The 16S rDNA gene sequences of the microorganisms found in fresh Chinese bayberry fruits were determined according to Hou et al. (2017). Briefly, bayberry fruits were submerged in sterilised phosphate-buffered saline solution, sonicated for 1min, and vortexed for 30s. The fruit solutions were filtered through a sterilised membrane and homogenised for DNA extraction using the Plant DNA Extraction Mini Kit B (MoBio, United States). DNA extracts were quantified using a NanoDrop One spectrophotometer (Thermo Fisher Scientific, Waltham, MA, United States). Fragments of the bacterial 16S rRNA gene (V3–V4 region) were amplified using the primer set 338F: 5′-ACTCCTACGGGAGGCAGCA-3′ and 806R: 5′-GGACTACHVGGGTWTCTAAT-3′. An aliquot of 60ng of purified DNA template from each sample was amplified in a total volume of 50μl under the following conditions: 5min at 94°C for initialisation, 30cycles of 30s denaturation at 94°C, 30s annealing at 52°C, and 30s extension at 72°C, followed by a final elongation at 72°C for 10min. Equimolar quantities of PCR products for each sample were combined and sequenced on an Illumina NovaSeq 6,000 platform (Illumina, San Diego, CA, United States) by MeiGe Genomic Biotech (Guangzhou, China). Sequences were analysed using the QIIME 2 pipeline (version 2020.2.0). All sequence data were submitted to the Sequence Read Archive database (NCBI, Bethesda, MD, United States) under bioproject number PRJNA723673.1 QIIME 2 was used to determine the taxonomic and phylogenetic α- and β-diversity indices. Taxonomic- and phylogenetic-based β-diversity indices were estimated based on Bray–Curtis distances. Linear discriminant analysis (LDA) was used to determine the significantly discriminant taxa in fruit from trees that had undergone each treatment (using one-against-all comparisons) using the factorial Kruskal–Wallis sum-rank test (α=0.05). Discriminant taxa were used to generate taxonomic cladograms. PICRUSt2 (version 2.4.1) was used to predict the functional potential of microbial communities (Douglas et al., 2020).

Statistical Analysis

All data from the characterisation of the Chinese bayberries are reported as means±standard deviations. The figures were plotted using the Origin software (version 8.0; OriginLab Corp., Northampton, MA, United States), and one-way analysis of variance (ANOVA) was performed using SPSS software (version 21.0; IBM Corp., Armonk, NY, United States). Significant differences were detected by Duncan’s test (p<0.05).

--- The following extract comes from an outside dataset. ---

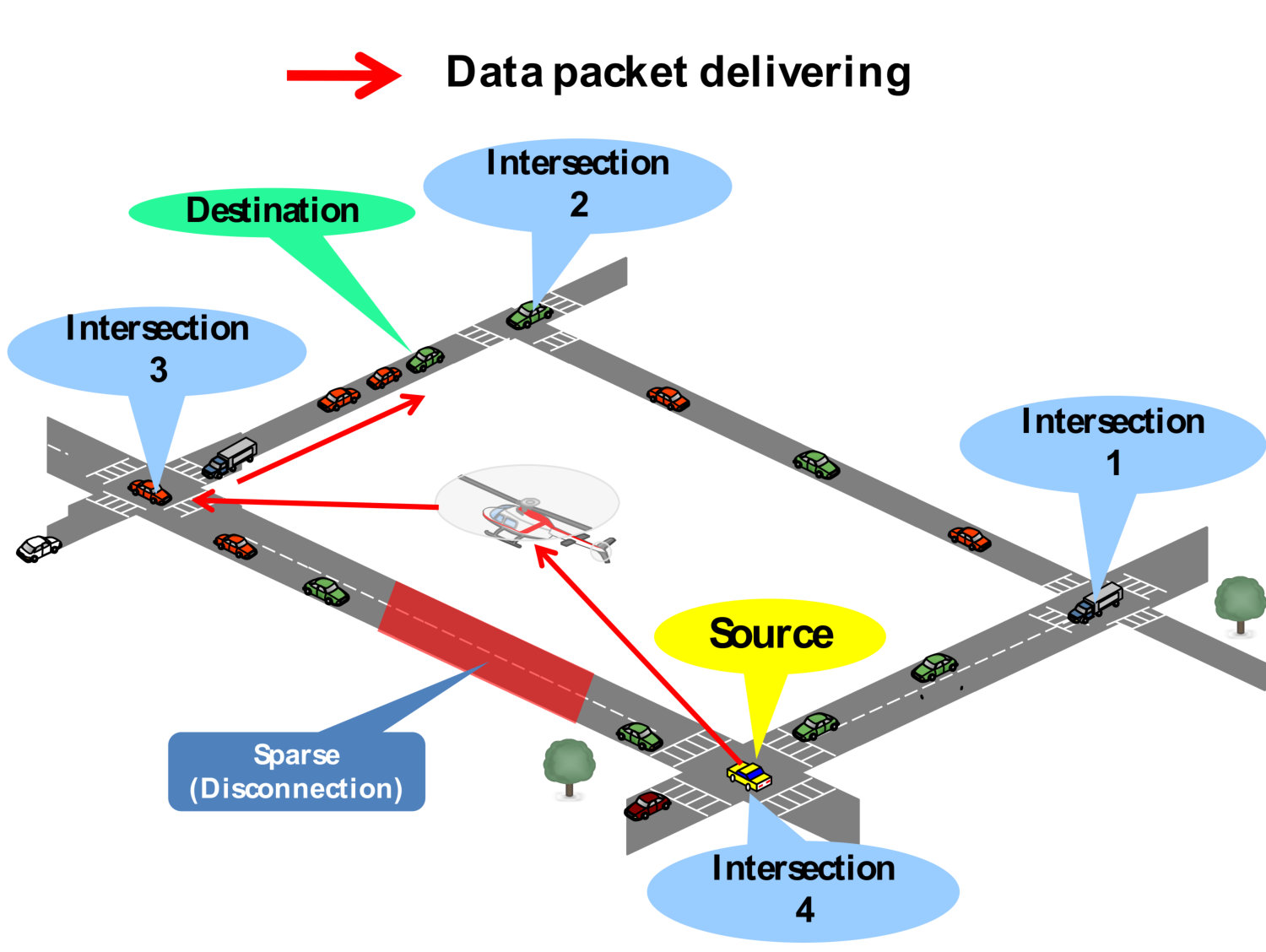 Figure 28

Drosophila Growth on Chinese Bayberry Fruits

Covering the crown of a Chinese bayberry tree with an IRPN during ripening successfully prevented pest infestation and rain flow, even for those planted on a hillside with complex terrain (Figure 1A). The trees in the field were either grown in the natural environment (controls) or treated separately with insecticide, IPNs or IRPNs (Figure 1B). The main pests on the surface of Chinese bayberry fruits were Drosophila, and more than 10 Drosophila larvae were observed on a single bayberry fruit collected from a control tree (Figure 1C). Compared with the controls, the numbers of Drosophila larvae and adults were significantly, but not completely, decreased in bayberry fruits collected from trees sprayed with insecticides. Interestingly, application of a single IPN completely prevented infestation of bayberry fruits by Drosophila, and the addition of an IRPN provided similar protection against Drosophila (Figure 1C).

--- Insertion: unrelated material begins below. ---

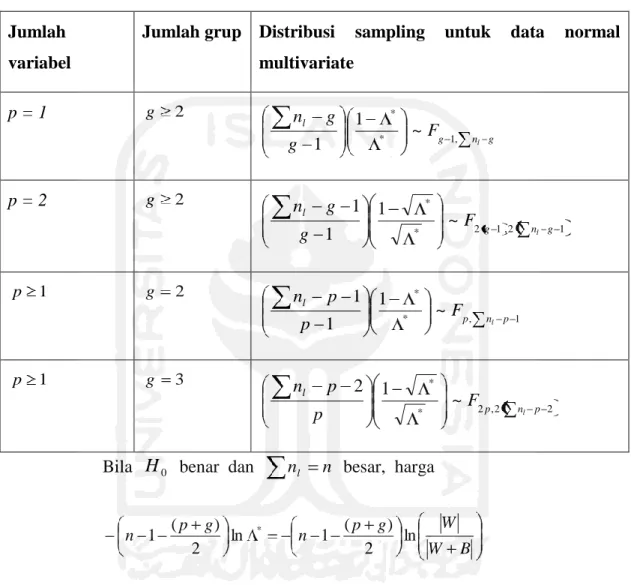 Tabel 3.2. Distribusi eksak dari  * Jumlah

Figure 1. Drosophila growth on Chinese bayberry fruits collected from trees grown in different environments. (A) Field image of Chinese bayberry trees protected by insect-proof nets (IPNs) and rain-proof films during the fruit maturation period. (B) The trees were grown under natural conditions (controls) or treated separately with insecticides, IPNs or insect- and rain-proof nets (IRPNs). (C) Drosophila (C1) and number of Drosophila (C2) on Chinese bayberry fruits collected from untreated and treated trees.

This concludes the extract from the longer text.